How is this possible?


GDB does not evaluate sqrt correctly as shown there: Why does gdb evaluate sqrt(3) to 0?


I would not rely on your (or gdb's) knowledge of operator precedence in this case. Try adding a couple of parentheses to ensure that you, the compiler, and gdb are actually seeing the same thing...

newIterationRequired = ( ( infoAvailableUntil + 1 ) < ( sqrt( input ) + 1 ) ) && isPrime

Oh, and a hint: Check out <stdbool.h>...

Edit 1: Your comment says this didn't solve your problem.

Well then, pick the complex statement apart into its substatements. Store infoAvailableUntil + 1 into a temporary variable. Store sqrt( input ) + 1 into another temporary variable. Compose newIterationRequired from those temporaries. From within GDB, check if the code, you, and GDB all agree on the outcome of each intermediate step.

This is elementary debugging.

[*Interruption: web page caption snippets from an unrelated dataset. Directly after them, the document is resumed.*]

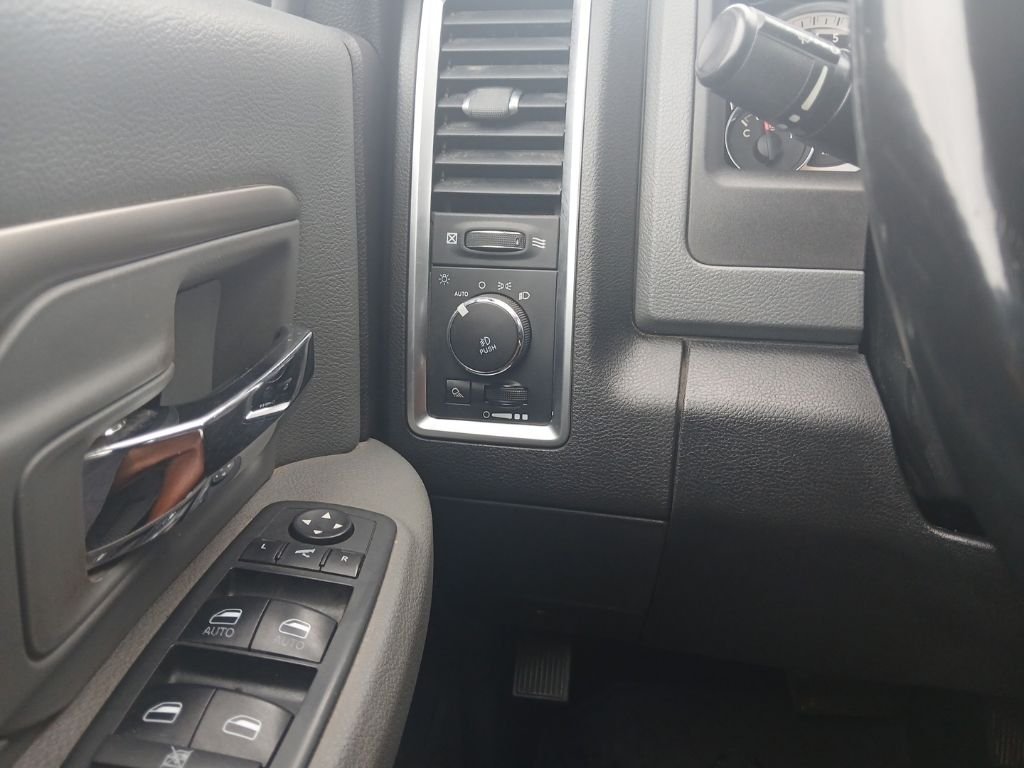 Used 2018 Red Ram Lone Star image 14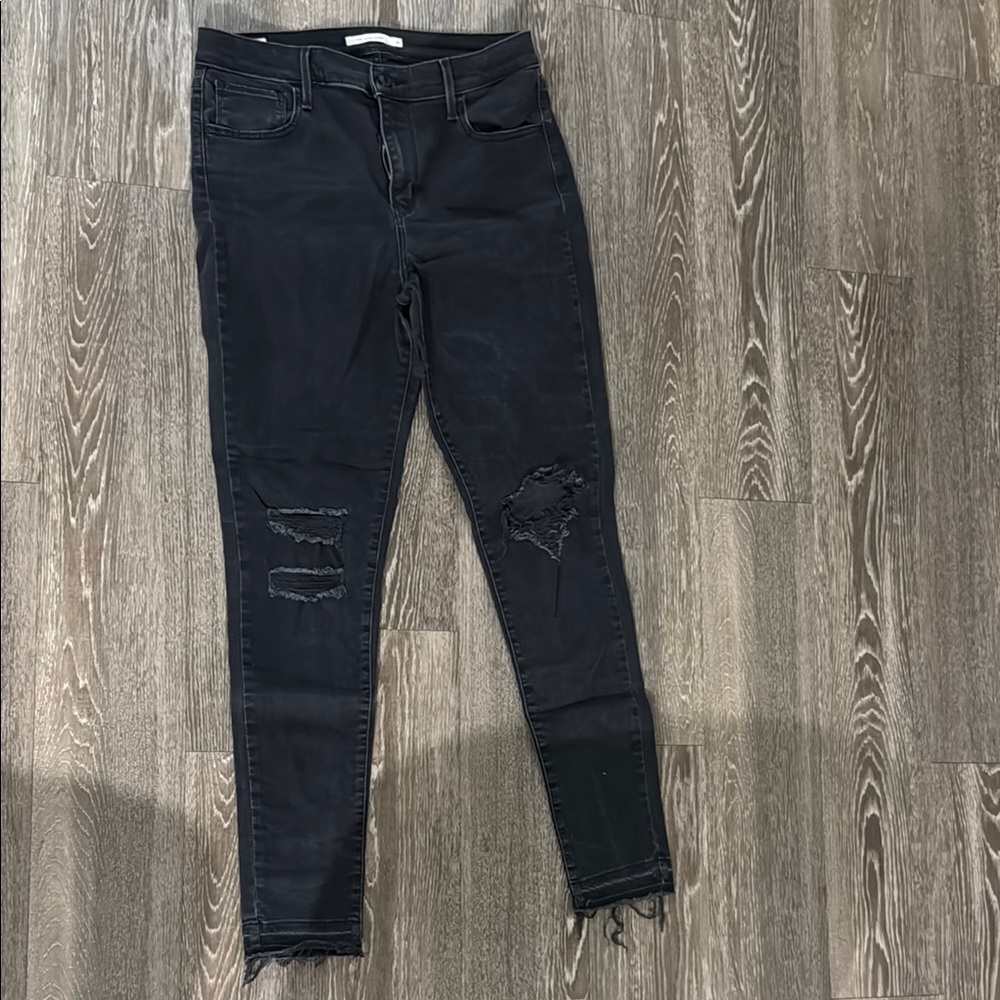 Levi’s 720 Super Skinny Distressed Jean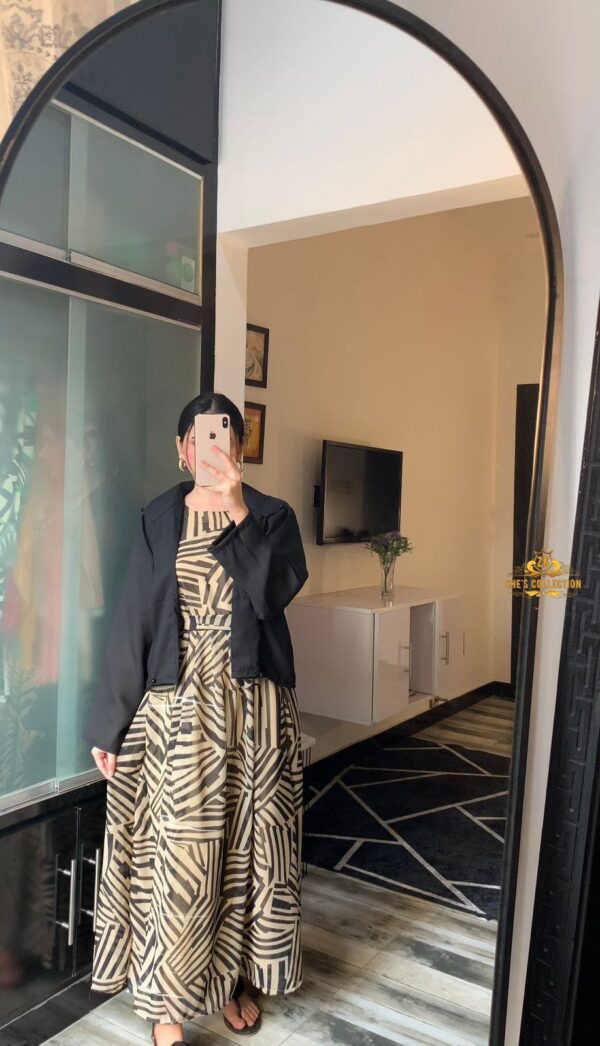 Elegant Coati Style 2-Piece Set with Floral Chiffon Frock - Image 3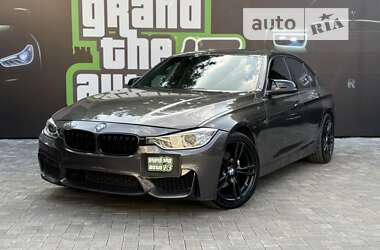 Седан BMW 3 Series 2014 в Киеве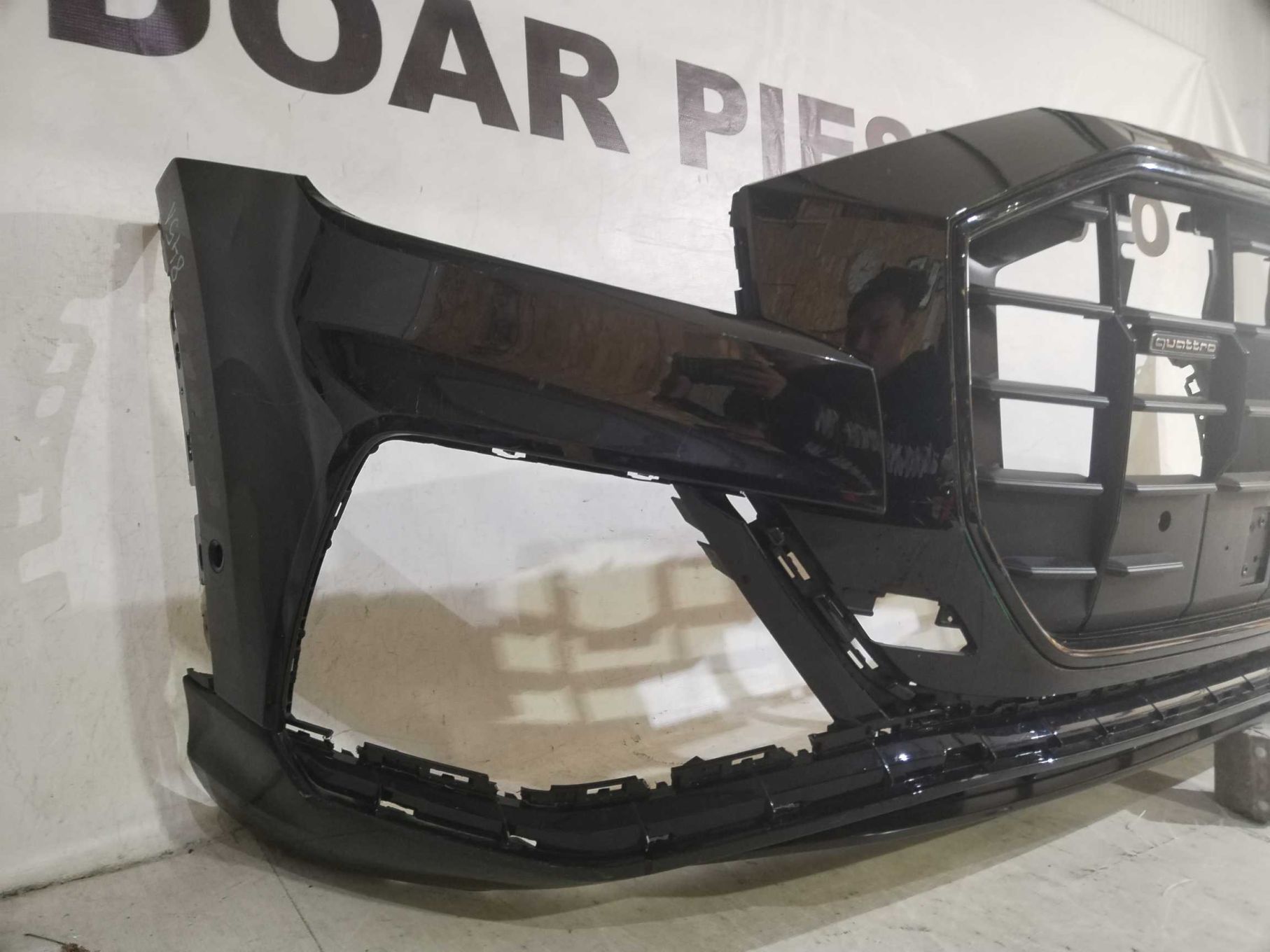 Bara fata Audi Q8, 2018, 2019, 2020, 2021, 2022, 2023, cod origine OE 4M8807437D, cu gauri pentru senzori de parcare (6).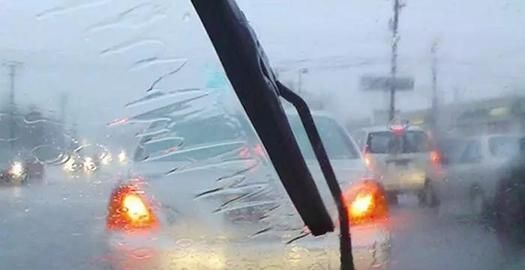 打开|大雨天开车 要不要打开双闪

Pick apart the statement that is giving you trouble, reducing its complexity, until you have found the error or can ask a very precise question.

(Personally, my next "best suspect" is that your code and gdb see a different thing when you say sqrt().)


Unless you compile with -O0, you cannot be certain that the single stepping runs one line of source code after the other. It is possible that at the time you requested the expression evaluation, all arguments have not completed, so the result is not reliable.

Another explanation, is that some argument of the expression does not exists anymore in living registers, so gdb is fooled, and does a wrong computation.